In queste settimane c’è un vero e proprio attacco al reddito di cittadinanza, ma per farlo, stanno attaccando i giovani italiani. I politici, con la complicità dei media asserviti, stanno mettendo in giro la bella voce che i giovani preferiscono il reddito di cittadinanza invece che andare a lavorare. Niente di più falso. Non immaginate quanti di questi giovani non ha proprio presentato domanda. Semmai i giovani italiani sono stanchi di essere trattati da schiavi.

Ma i politici, specialmente quelli che non governano, devono dire qualcosa. Sarebbe meglio che facessero qualcosa.

Allora facciamo un po’ di chiarezza. Un giovane che si presenta in un bar, in un ristorante albergo, la prima cosa che gli viene detto, la paga e le ore di lavoro. Ed ecco che questi poveracci in cerca di lavoro, ma non quello vero, quello che gli garantisce la propria sussistenza, devono accettare paghe da 100 euro a settimana, in altri casi al massimo 150 euro. I turni poi, 8 ore quello di mattina, tutto cambia per quello di sera, che non ha orario, può arrivare fino alle quattro del mattino. Allora fatevi i conti: 100 euro a settimana x 4 settimane sono 400 euro al mese. 150 euro a settimana x quattro settimane fanno 600 euro al mese. Tutto con turni massacranti. Ma questa forma di schiavitù moderna è diffusa ormai in tutti i comparti lavorativi.

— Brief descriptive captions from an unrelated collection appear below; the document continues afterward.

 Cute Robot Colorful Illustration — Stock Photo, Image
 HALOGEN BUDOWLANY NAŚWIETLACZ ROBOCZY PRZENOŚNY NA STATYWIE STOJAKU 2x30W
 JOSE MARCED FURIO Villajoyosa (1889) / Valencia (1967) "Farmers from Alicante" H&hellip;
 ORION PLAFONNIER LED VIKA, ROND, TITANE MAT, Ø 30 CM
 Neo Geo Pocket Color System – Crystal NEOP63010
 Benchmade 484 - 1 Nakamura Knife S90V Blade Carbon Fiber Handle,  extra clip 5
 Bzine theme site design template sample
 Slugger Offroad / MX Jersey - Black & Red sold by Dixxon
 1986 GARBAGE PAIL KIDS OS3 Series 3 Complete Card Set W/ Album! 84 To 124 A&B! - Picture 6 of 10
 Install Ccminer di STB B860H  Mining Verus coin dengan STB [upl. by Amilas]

Fanno bene i nostri ragazzi a rifiutare il lavoro, perché è vergognoso quello che sta succedendo. La colpa è dei governanti, perché hanno determinato questo stato di sofferenza che sta piegando la vita dei giovani italiani.

Allora smettetela di dire fregnacce in continuazione solo perché dovete criticare un provvedimento, che una volta aggiustato, da un po’ di ossigeno a chi non può più vivere. Mentre chi oggi è opposizione, ha governato ed ha trascinato nella povertà migliaia e migliaia di famiglie senza fare nulla, oltre a creare solo lavoro precario e schiavizzato. Per una volta macchiatevi di serietà.